Libertarianism is a set of accurate political ideas, and objectivism a set of compatible accurate philosophical ones. Like many I was drawn to both by the fact that they made sense and were consistent. Arguments for libertarianism, and austrian economics in particular, would use day to day examples of individual human decisions that I could relate to and use to build up a logical conceptual model of the world at large, and make predictions about that world. A lot of philosophy rejects this kind of jump from the real into the conceptual, but since I had somwhow already rejected the analytic synthetic dichotomy (even before I knew what it was) I very quickly knew I had found some real answers in libertarian ideas. Suddenly, I knew why the world is as messed up as it seems.
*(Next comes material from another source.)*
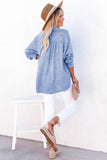LC25121568-4-M, LC25121568-4-L, LC25121568-4-XL, LC25121568-4-S, LC25121568-4-2XL, Sky Blue Crinkle Textured Loose Henley Top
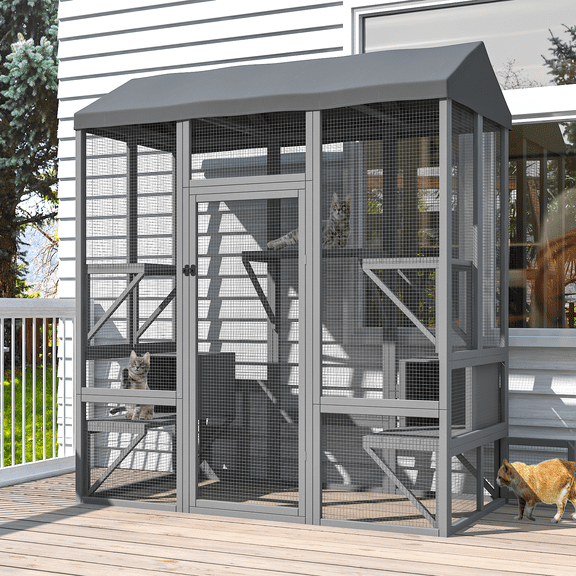 TIMHAKA 72” Catio Outdoor Cat Enclosure, Large Cat Catio for Multiple Cats, Outdoor Cats Enclosure with Waterproof Cover, Gray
If those examples and those arguments were nonsensical or fanciful, or if they held between them logical inconsistencies then I would not have been persuaded by libertarian arguments just as I was not persuaded by 22 years of left-biased media and statist assumptions. Yet the road to libertarianism was a long one, nagging doubts and idle thoughts had to build up over time.
This journey-to-libertarianism isn’t uncommon, it tallies with the experiences of libertarians I have spoken to. What worries me is precisely that this gradual and lengthy process of being drawn into libertarianism is as common as it is, because it seems to me that the French and Greek voters are using a different process entirely.
Sam Bowman produces a graph of rising (real terms flat) spending and writes:
What European voters have rejected is the idea of austerity. The very suggestion that their governments should live within their means is, apparently, unacceptable to the majority of voters in France, Greece and, as seems likely, the Netherlands.
If these voters had been through years of hard cuts and belt-tightening, a backlash would be understandable. But these voters haven’t lived through that yet.
Libertarian have spent time, on this blog and others, thinking about how to trigger emotional reactions that lead to more rational thought. That cause people to stop and think, or to contemplate stronger memes hidden in slogans. That can help campaign against emotive thinking, or help to inform, and might lead to more rational longtermist voting, but if the reason for voting against auserity is because they don’t want to face up to the challenge then that is actually evasion – a desire to avoid thinking about the lack of money – and it’s not obvious to me what could be effective in the face of that.
Voters unwilling to vote with common sense when reality is biting them on the arse are not going to pause and comtemplate nagging theoretical inconsistencies. We need a better strategy.